Page MenuHomePhabricator

Tokenizer thrown off by < char on a line
Closed, ResolvedPublic

Description

[subbu@earth lib] echo "equation C<r in <ref>foo</ref>" | node parse --normalize
<p>equation C&lt;r in &lt;ref>foo&lt;/ref></p>

Causes the diff: https://fr.wikipedia.org/w/index.php?title=%C3%89volution_de_l%27altruisme&diff=prev&oldid=112044063 as reported on the WP:VE/F page.

Event Timeline

ssastry raised the priority of this task from to Medium.
ssastry updated the task description. (Show Details)
ssastry added a project: Parsoid.
ssastry subscribed.

This is parsing as <r in="" <ref="">foo</ref> and then the r tag is being sanitized.

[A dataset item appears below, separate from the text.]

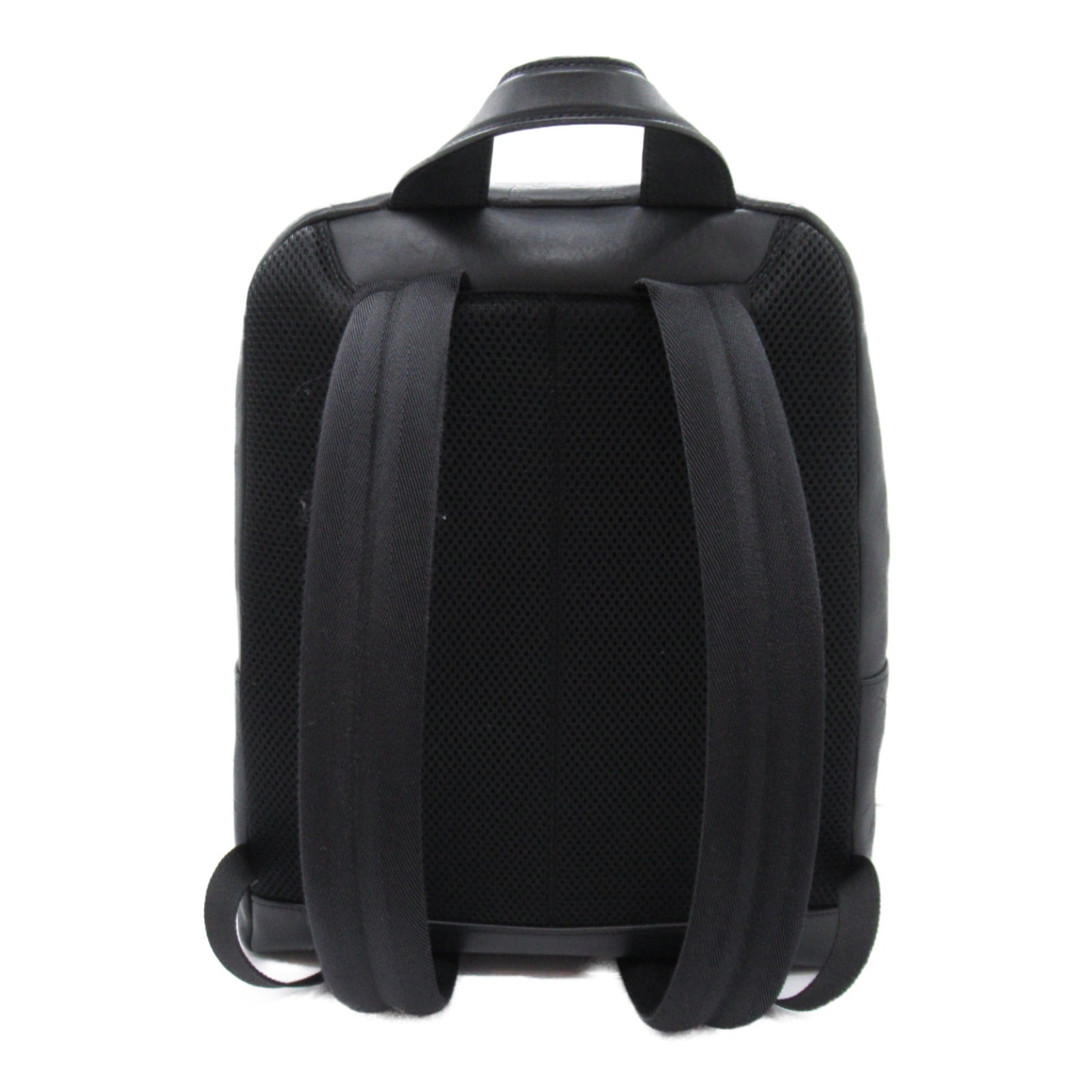 Louis Vuitton Racing Backpack Backpack Backpack Bag PVC Coated Canvas Monogram Shadow  Black M46109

We changed to this behaviour in https://gerrit.wikimedia.org/r/#/c/173212/. See the output for "Handle broken pre-like tags (bug 64025)".

The parsing spec (http://www.w3.org/TR/html5/syntax.html#attributes-0) doesn't omit < from attribute names.

However, the php parser clearly differs here:

<div id="1" <div id="2">ine</div>

becomes

&lt;div id="1"
<div id="2">
ine
</div>

So, we could return to breaking on < or try and "fix" this on the php side. Any thoughts?

I verified in Firefox that it parses the div just like we do .. so, yes, the PHP parser is one that parses this differently. I wonder if it is because of HTML4 .. But, if we change the PHP parser behavior (which seems reasonable), that could break a lot of exisitng pages. So, not sure yet ..

Perhaps a grep of dumps can help inform whether we change PHP parser behavior or fix Parsoid to deviate from HTML5 syntax.